It's no secret that many Detroiters are against the appointment of an emergency manager. Yet, many of those in opposition have taken their disapproval to new heights by seeking to uncover possible legislative loopholes.
A new federal lawsuit has been filed against Gov. Rick Snyder and Treasurer Andy Dillon by several union representatives, elected officials, activists and clergy. It's the latest in a string of legal challenges that represent the public outcry against what protesters consider a denial of democracy.
Deeming it an "unconstitutional" violation of voters' rights, some assert the EFM law overwhelming affects the state's African American population. Plaintiffs request an injunction be issued to reverse and outlaw Gov. Snyder's decision.

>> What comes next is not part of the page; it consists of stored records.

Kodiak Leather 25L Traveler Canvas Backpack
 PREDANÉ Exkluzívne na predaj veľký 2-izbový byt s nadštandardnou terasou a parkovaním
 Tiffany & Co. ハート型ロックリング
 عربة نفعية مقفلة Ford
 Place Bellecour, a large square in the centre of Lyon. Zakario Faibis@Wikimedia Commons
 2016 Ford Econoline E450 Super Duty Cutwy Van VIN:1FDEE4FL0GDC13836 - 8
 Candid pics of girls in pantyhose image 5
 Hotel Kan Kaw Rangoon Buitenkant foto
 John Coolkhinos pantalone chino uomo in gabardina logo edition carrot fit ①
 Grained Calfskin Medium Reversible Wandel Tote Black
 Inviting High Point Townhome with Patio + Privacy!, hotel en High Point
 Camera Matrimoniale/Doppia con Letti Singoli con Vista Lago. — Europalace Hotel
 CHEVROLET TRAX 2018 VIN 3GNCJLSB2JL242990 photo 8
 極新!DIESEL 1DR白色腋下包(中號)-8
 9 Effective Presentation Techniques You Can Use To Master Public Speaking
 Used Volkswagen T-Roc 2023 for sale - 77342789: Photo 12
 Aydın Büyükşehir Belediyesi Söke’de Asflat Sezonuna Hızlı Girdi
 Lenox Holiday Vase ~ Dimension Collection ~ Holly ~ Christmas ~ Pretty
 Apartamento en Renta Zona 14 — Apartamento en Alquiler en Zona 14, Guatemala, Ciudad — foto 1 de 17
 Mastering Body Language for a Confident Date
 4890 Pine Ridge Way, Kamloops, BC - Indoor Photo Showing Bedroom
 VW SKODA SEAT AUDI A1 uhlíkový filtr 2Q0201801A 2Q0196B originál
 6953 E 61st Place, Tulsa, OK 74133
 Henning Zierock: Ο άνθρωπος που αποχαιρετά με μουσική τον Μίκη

Public Act 436 grants emergency managers the power to break or modify union contracts and override local officials. The law that took affect on Mar. 28 was passed in December by a lame-duck legislature and later, signed by Gov. Snyder. It restored EFM powers lost under Public Act 4, a piece of legislation that was repealed by voters in late 2012. The new law offers four options to distressed communities that include a consent agreement with the state, the appointment of an emergency manager, mediation or a Chapter 9 bankruptcy filing.
Some area politicians challenge the state's ability to "rewrite" a law they say was initially struck down by Michigan residents.
After 18 months, local officials have the ability to remove the emergency manager with two-thirds vote of their governing body. Cities with a strong mayor will require his or her approval to remove the EFM.
For the time being, the law remains in effect. It is one that, for all it's controversy among the city's residents, looks to be the long-standing sole option for addressing Detroit's financial burdens.